Romance comics as well as paranoia comics (same fish with less bug-eyes and sweat?) required at least two-dimensional protagonists long before the Marvel revolution, so perhaps it is only that from Fantastic Four forward, Stan Lee and the Marvel writers to follow applied these innovatively to superhero comics. Moving as those comics could be, they still kept to considerably more adolescent material than the admittedly pretty adolescent EC crime and horror books or the comedy romances like the magnificent Millie the Model or Patsy & Hedy. I would not be the first to suggest it took a low opinion of the readership (accurate though it may have been) for Roy Thomas to take the awesome that is the early Black Panther and strip him of his culture, his political clout, genius, social standing, super-technology, and FF-whupping level of badassery... to make him safe enough to feature regularly in The Avengers. (And, when Panther leaves the Avengers, for Jungle Action, the first thing he does is remind them he's fantastically rich, has mad supertech, and can leave. Go fig.)

It may not have been a too-low call, sadly, depending on what readership is being pursued. Let's assume someone out there does need DC's Mr. Terrific, say, to be "the third smartest man in the world." Did they need to bill the white Mr. Terrific as such? But, this hypothetical audience DC is courting do need it of a black Mr. Terrific. Well, there is another audience that can handle "the smartest man on Earth." Beyond, there is an audience, myself included, who believes that if the selling point begins "smartest" that changing that up synchronous (if not consciously connected) to other changes, such as race, is a bad plan and counter to the ethos superhero comics taught me.
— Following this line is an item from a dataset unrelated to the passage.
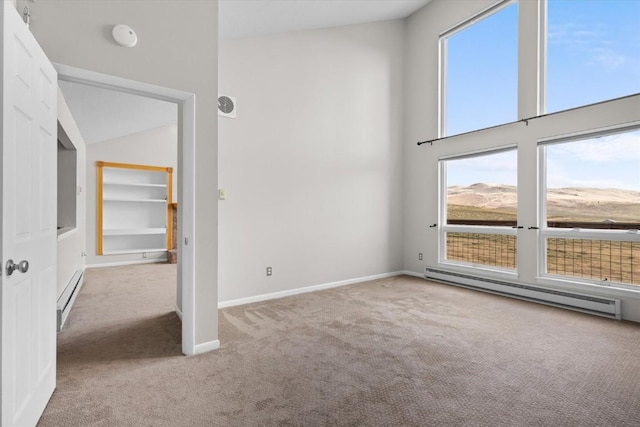 30311 County Road 16 Unit 105, Oak Creek, CO 80467 - unfurnished bedroom featuring baseboards, carpet, a towering ceiling, and baseboard heating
Batgirl can't get past brown belt. Mr. Terrific is the third smartest. But, no matter who is actually faster or equal to the Flash, he is always "the world's fastest man." Sometimes, we the readers and we the critical aspect of comics culture - the academics, analysts, and speculators - sometimes we act in ways that encourage treating us to these gestures placatory to heteronormative and homogenous artifice.

From Anarchy for the Masses: "Robin's autocritique acknowledges that she is undermined by her appearance. She stands for revolution but is instead only seen as a sex object. Note that despite this realization she doesnt stop dressing like a hooker." That was written by two smart, savvy individuals, Patrick Neighly and Kereth Cowe-Spigai. They don't seem to notice what they have done, there, and neither do the people who call Wonder Woman's jacket whorish or say a version of Cyborg looks thuggish, muscle-brained, or gangsta, particularly the one for the upcoming JLA relaunch, where he is, in terms of body and body language no different from any other man on the team except in that he is black.

Taken from a different angle, the same problem of presumptive judging turns into a lack of emotional affect (to be PKD about it). Readers do it enough, and you get writers and artists playing to it, editors prescribing not relational emotions from characters, coming causally from the events and dynamics of their lives, but emotions as a sell. Why else do you think Aquaman is ecstatic while his life, marriage, and political position fall to bits during Erik Larsen's run? There is an editor who knew a readership existed who would see a smile and believe it, regardless of context. An audience does exist who read Robert Crumb's My Troubles With Women and believe the bravado, who are still distressed not by the rape of DC's Nightwing, but because he stopped smiling for awhile after the rape. Kurt Busiek or Mark Waid can write wildly modern work, from dialogue to character tics and plotting, and there will be cries from the Neo Silver Agers of "Seen it! Recycled from 1967!" while Grant Morrison lifts point for point at Agatha Cristie plot or entire passages of an old Batman comic as with Joe Chill in Hell and it's "Too new! Too difficult!"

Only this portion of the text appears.